THOUSAND OAKS, Calif. (AP) Ian Poulter finished his final round at the World Challenge and was chatting next to the clubhouse at Sherwood when he stopped in the middle of a sentence and changed his tone to one of grave concern.

``What is Tiger doing in a buggy?'' he said.

His eyes were fixed on a large video board down the hill and across the 18th fairway that showed Tiger Woods being driven away from the green in the back of a golf cart. The scene was eerily reminiscent to the start of the season at Doral, when Woods withdrew in the middle of the final round because of swelling to his left Achilles tendon.

Moments later, Poulter realized this merely was the shuttle that took players to the 14th tee at the top of a steep hill.

Exhale.

``I was like, `Hang on a minute.' I thought he might have slipped down a bank and done himself in,'' Poulter said.

All things considered, it was a reasonable rush to judgment.

Woods has endured some strange seasons during the last few years, and this would qualify as one of them.

Go back to that Sunday afternoon at Doral when Woods was taken off the course in a cart, and the TV shot from a helicopter that showed him driving away in what might as well have been a white Bronco. It raised questions about whether he could ever be the dominant player he once had been.

And then he won his very next tournament at Bay Hill, his first PGA Tour title in more than two years.

Woods' mystique looked as if it might be returning when, at one tournament (Memorial), he faced an impossible shot and chipped in for birdie that carried him to victory. In another, he was on the ropes late in the final round until his challenger threw away a chance to beat him (Bo Van Pelt at the AT&T National).

Then there were the majors.

Woods had at least a share of the 36-hole lead in the U.S. Open and PGA Championship. Not only did he fail to win, he didn't even finish in the top 10.

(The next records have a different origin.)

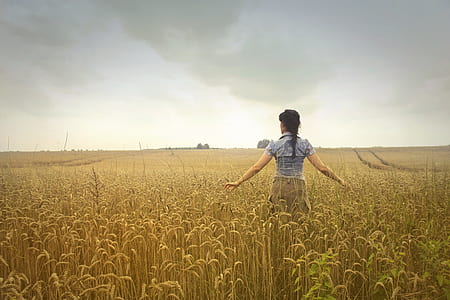 Woman Standing on Rice Field during Cloudy Day thumbnail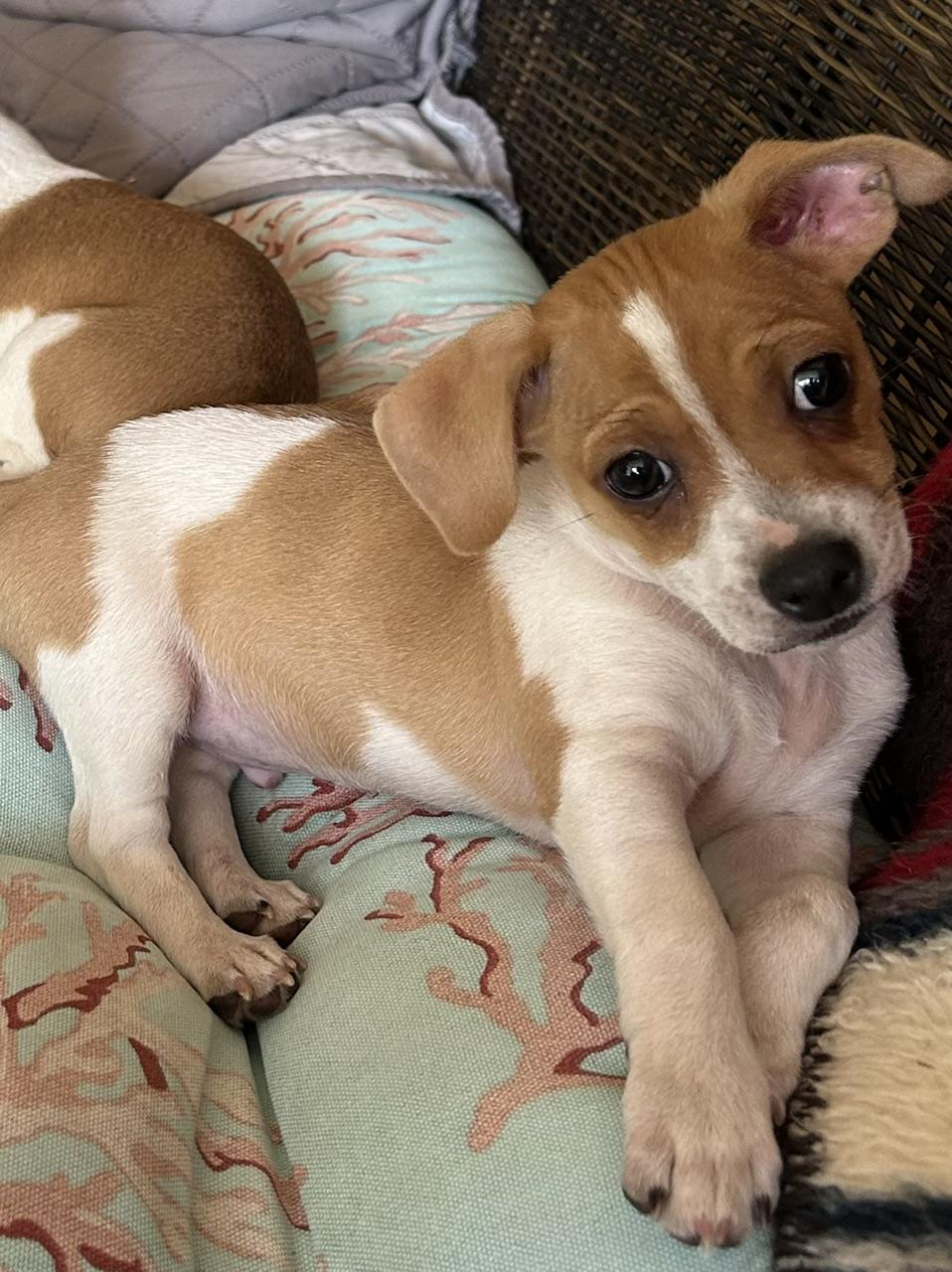 Jonathan (Property Brothers Litter), a ADOPTABLE mixed breed in Redwood City, CA image 3/5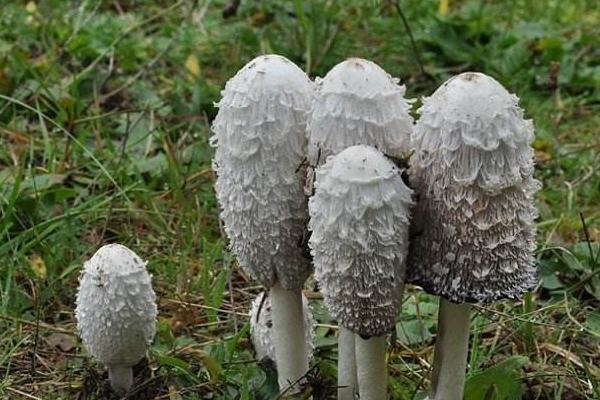 毛头鬼伞菇市场价格多少钱一斤,毛头鬼伞菇什么 - 达达搜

For years, Woods said it could not be a great year without winning a major, and he still believes that. Throw in some extenuating circumstances, such as his physical health, and he considers 2012 to be a ``pretty good accomplishment.''

He won three times, which would have been considered a down year against his old standard.

So where is he now?

In about the same spot he was in this time a year ago, only for different reasons.

Going into 2012, what appeared to be holding him back from being the dominant player was his own game. Going into 2013, he doesn't look like the dominant player because of someone else - Rory McIlroy.

McIlroy was voted PGA Tour player of the year Tuesday, presumably by the kind of margin that routinely once belonged to Woods. McIlroy won a tour-high four tournaments, including a major, the money list and the Vardon Trophy for lowest scoring average. That's a dominant year.

There have been 11 changes among four players at No. 1 in the world since Woods abandoned the spot toward the end of the 2010 season, and it has looked like a game of musical chairs. That's no longer the case. McIlroy found another gear in August, and he now has the largest margin in the ranking since the glory days of Woods.

The player Woods is trying to beat has that beautiful blend of balance and power, and he can putt. That's tough to beat. Plus, McIlroy is still only 23 and doesn't have four knee surgeries behind him.

Then again, there has never been another player like Woods in the modern game, so he can't be ruled out.

Jack Nicklaus set the standard with 18 majors, the record Woods is trying to catch. Not even Nicklaus won as prolifically as Woods at this stage in their careers, however, which is why it's foolish to write off Woods - not only in his pursuit of Nicklaus in the record book, but of McIlroy on the golf course.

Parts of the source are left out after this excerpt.